Machine learning (ML) potentials, particularly graph neural networks (GNN), have emerged as efficient alternatives to density functional theory (DFT) calculations for catalyst screening. Recent efforts in developing large DFT datasets led to many GNN architectures being devised. However, generalization to specialized tasks remains poor, as generating new data remains costly and often less effective than other screening approaches. In this regard, transfer learning (TL), i.e., fine-tuning the weights of a pre-trained model to new samples or tasks, has proven successful in leveraging small datasets and achieving outstanding results in fields like computer vision. In this work, TL is leveraged to accelerate the screening of single-atom alloys (SAAs) using a small dataset (less than 1k data points).
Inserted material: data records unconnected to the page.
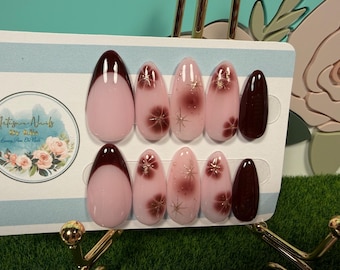 May include: A set of ten almond-shaped press-on nails featuring a light pink base. The design includes deep burgundy French tips, solid burgundy nails, and light pink nails decorated with burgundy floral patterns and gold starburst accents.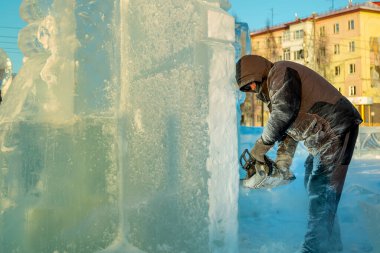 Heykeltıraş, buzdan bir buz figürünü Noel için elektrikli testere ile kesiyor.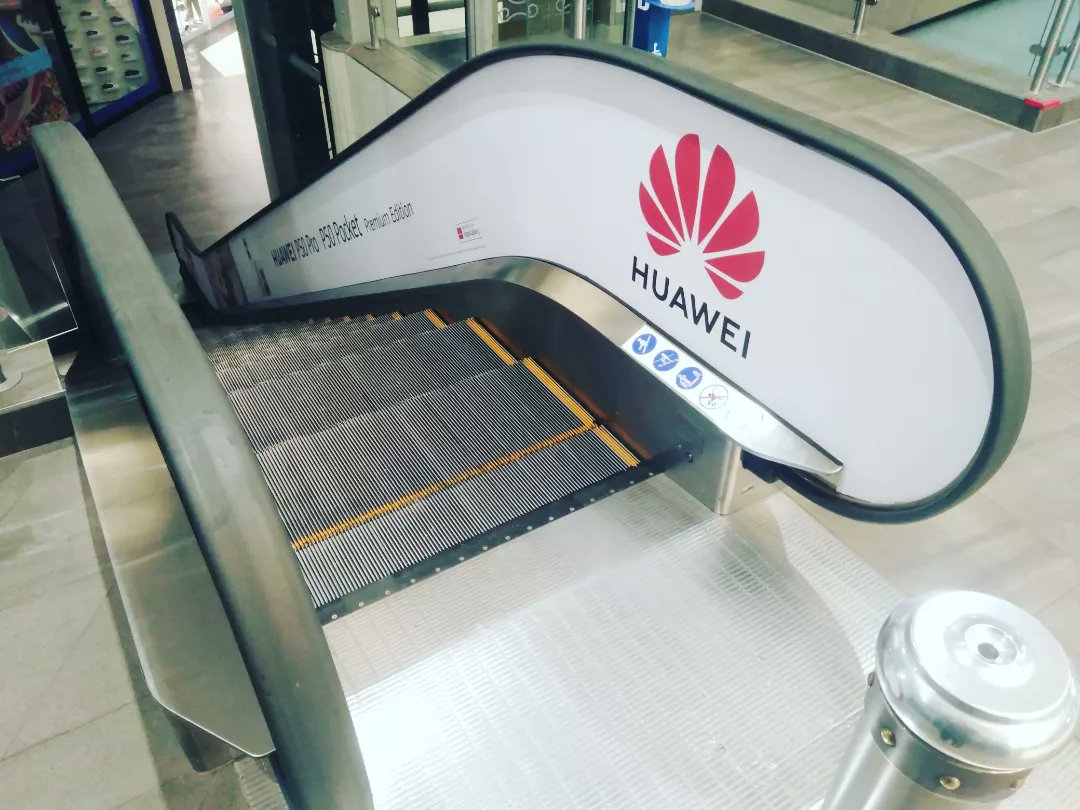 WrappersZA's tweet photo. Escalator branding #nova #huawei #p50 #lakesidemall https://t.co/ppp9CqDx7Q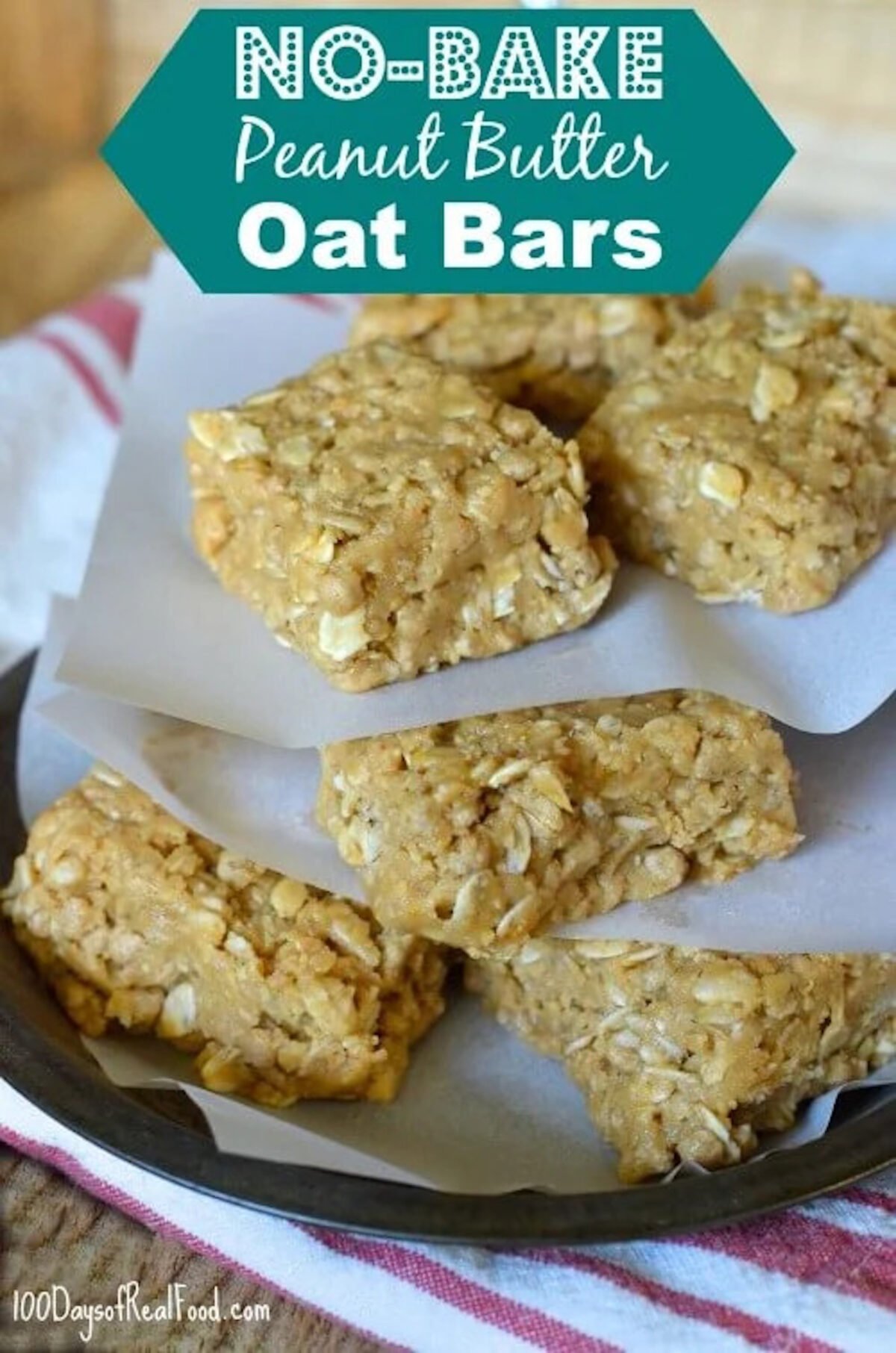 A pile of homemade peanut butter oat bars layered between parchment paper.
SAAs, comprised of isolated promoter atoms dispersed on the surface of a selective host metal, were selected given their relevance for multiple catalytic processes, including selective hydrogenation, oxidation, and electrocatalysis
1
Models for the direct prediction of adsorption energies from initial geometry configurations, pre-trained with the OC2020 dataset2 (over 600k DFT relaxations for training), were chosen for TL. Several combinations of coinage metal hosts (Cu, Au, Ag), transition metal promoters, and adsorbates were chosen. In all cases, the optb86bvdw exchange-correlation functional was considered, which accounts for dispersion forces not considered in the original dataset. Varying extents of fine-tuning (i.e., freezing different blocks during training) are investigated, achieving MAE values on adsorption predictions below 0.2 eV, aligned with state-of-the-art models. This work highlights the effectiveness of TL extending foundational catalysis models to small datasets, often accessible on computational chemistry repositories, extending the use of ML in high-throughput screening.
References
[1] El Berch, John N., et al. "Advances in Simulating Dilute Alloy Nanoparticles for Catalysis." Nanoscale 17.4 (2025): 1936-53.
[2] Chanussot, Lowik, et al. "Open Catalyst 2020 (Oc20) Dataset and Community Challenges." ACS Catalysis 11.10 (2021): 6059-72.